The group breached the computer networks of businesses in 47 states and the District of Columbia, according to Hayes. The group allegedly stole more than 15 million customer card records at 3,600 business locations -- including chains such as Chipotle, Chili's, Arby's, Red Robin and Jason's Deli.
Many of the first hacks happened in Western Washington, and the U.S. Attorney's Office says Chipotle, Arby's and Jason's Deli had the most card records stolen.
Nationwide, the losses to businesses totaled in the tens of millions of dollars.
Officials say if you are one of the 15 million customers affected, you should have been contacted by your bank or credit company alerting you of fraudulent or suspicious activity. People affected would have automatically received a new card in the mail.

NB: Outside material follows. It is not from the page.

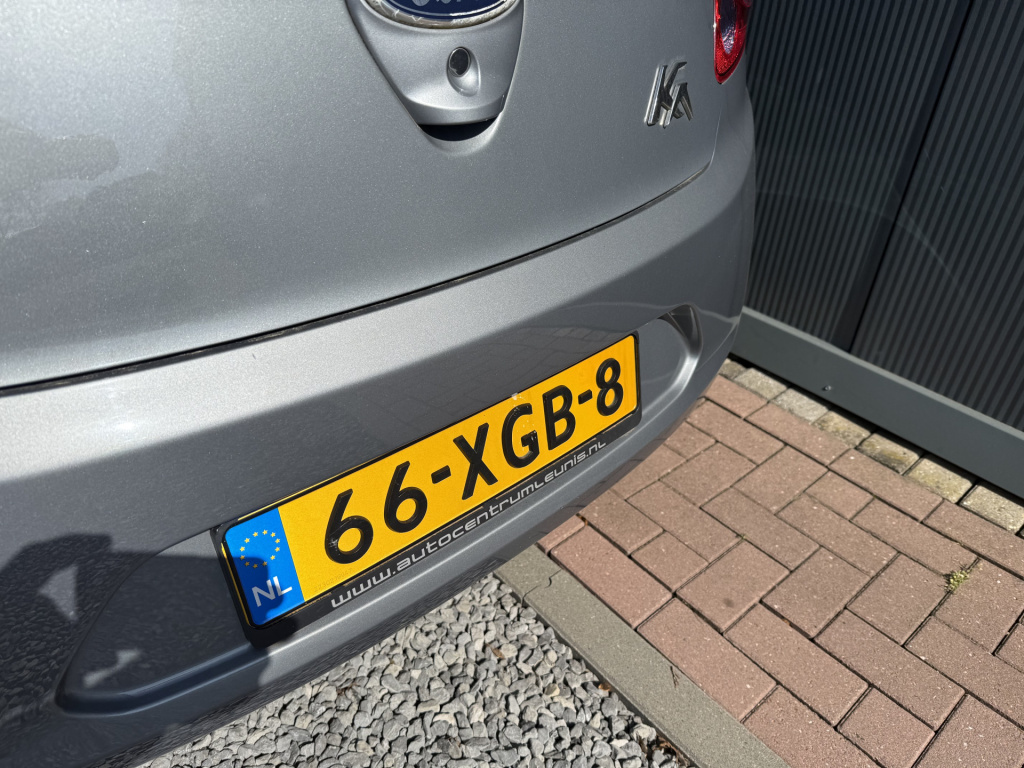 Ford KA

Western Washington's own Emerald Queen Casino was also targeted but was able to stop the intrusion. No customer data was stolen from EQC.

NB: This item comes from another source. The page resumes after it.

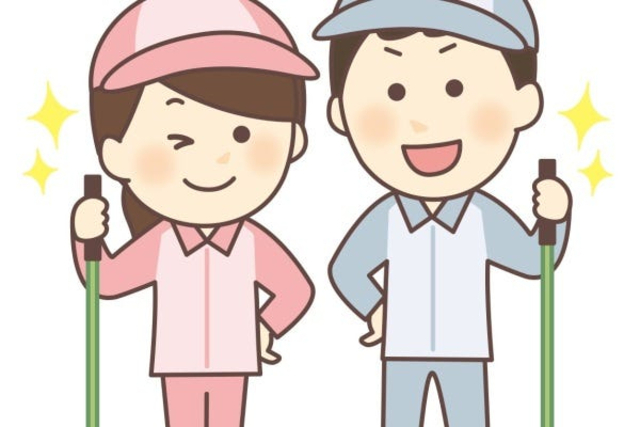 ［６０代７０代］ビルの清掃　朝３時間　シニア活躍中　＜土日祝日休み＞！の詳細画像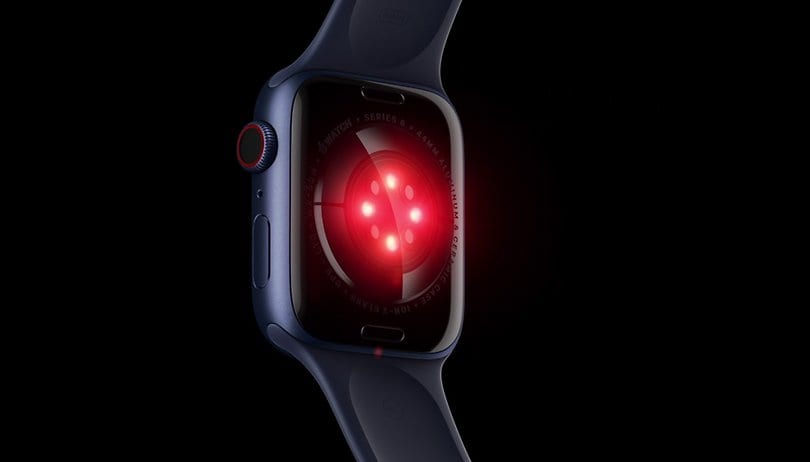 Apple Watch Sensor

“Protecting consumers and companies who use the internet to conduct business – both large chains and small ‘mom and pop’ stores -- is a top priority for all of us in the Department of Justice,” Hayes said. “Cyber criminals who believe that they can hide in faraway countries and operate from behind keyboards without getting caught are just plain wrong. We will continue our longstanding work with partners around the world to ensure cyber criminals are identified and held to account for the harm that they do – both to our pocketbooks and our ability to rely on the cyber networks we use.”

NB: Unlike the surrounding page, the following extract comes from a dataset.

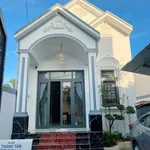Bán nhà mái Thái 153m² sổ cư, Phú Tân, Bến Tre 1 tỷ 950 triệu - Ảnh thu nhỏ 1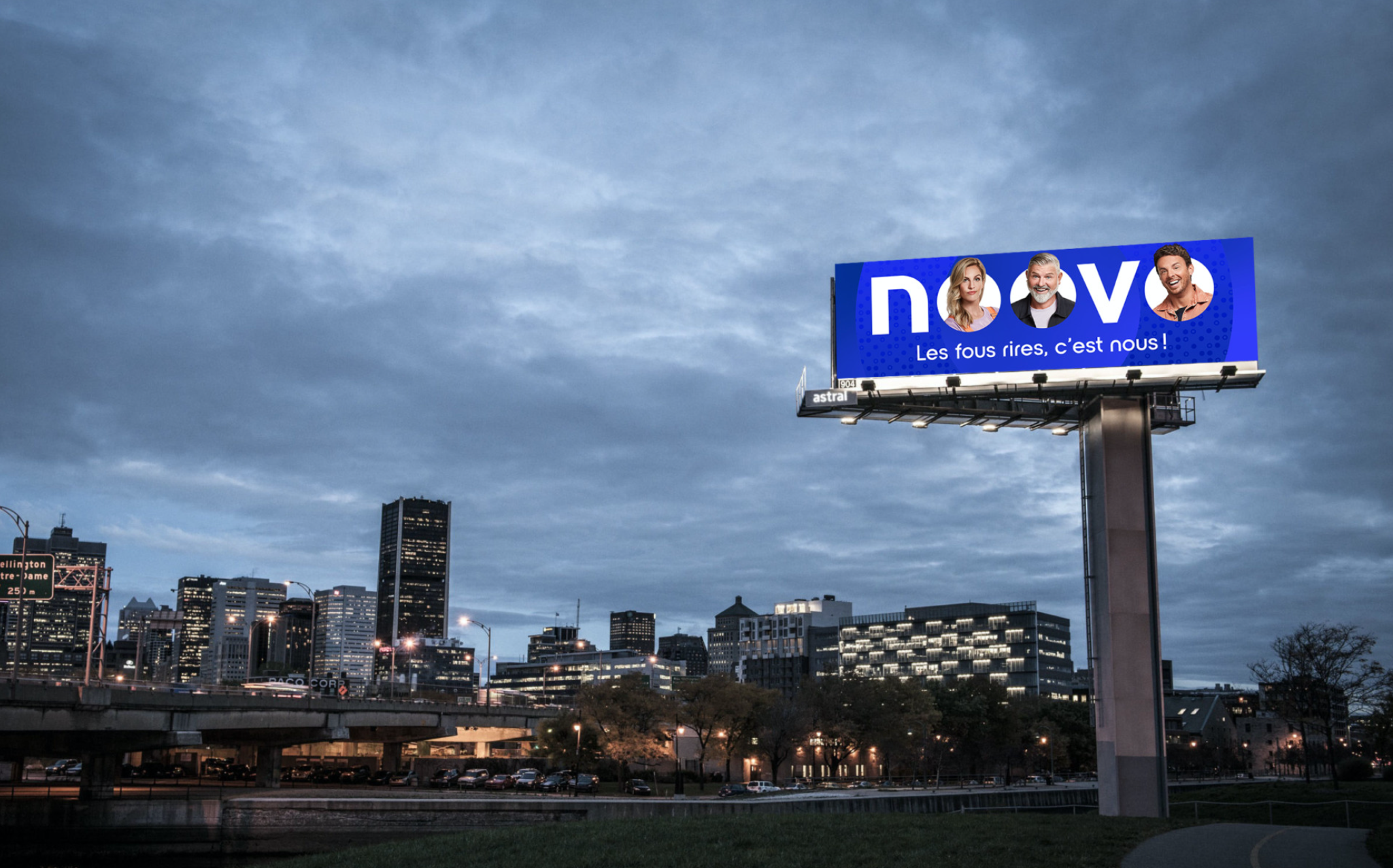 Bell rebranding V as Noovo Bell rebranding V as Noovo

Each of the FIN7 conspirators is charged with 26 felony counts alleging conspiracy, wire fraud, computer hacking, access device fraud and aggravated identity theft.
“The three Ukrainian nationals indicted today allegedly were part of a prolific hacking group that targeted American companies and citizens by stealing valuable consumer data, including personal credit card information, that they then sold on the Darknet,” Assistant Attorney General Benczkowski said. “Because hackers are committed to finding new ways to harm the American public and our economy, the Department of Justice remains steadfast in its commitment to working with our law enforcement partners to identify, interdict, and prosecute those responsible for these threats.”
FBI Special Agent Jay Tabb says the case was one of the largest it has handled, in terms of loss, number of victims and the size of the criminal organization.
“The naming of these FIN7 leaders marks a major step towards dismantling this sophisticated criminal enterprise," said Special Agent in Charge Jay S. Tabb Jr., of the FBI's Seattle Field Office. “As the lead federal agency for cyber-attack investigations, the FBI will continue to work with its law enforcement partners worldwide to pursue the members of this devious group, and hold them accountable for stealing from American businesses and individuals.”
FBI agents at the Seattle branch are being credited for identifying some of the suspects in this case.
Although card records were the primary target, the indictment does point out several times that FIN7 obtained personal information. For example, in 2017 the indictment states that they obtained 1,000 user names and passwords of generic company accounts and employee accounts.
Investigators are still trying to figure out the scope of how much information FIN 7 managed to steal. Everyone is urged to check financial accounts regularly and contact your bank or credit card companies if there are any fraudulent charges.
Credit card companies say customers are not liable for fraudulent charges.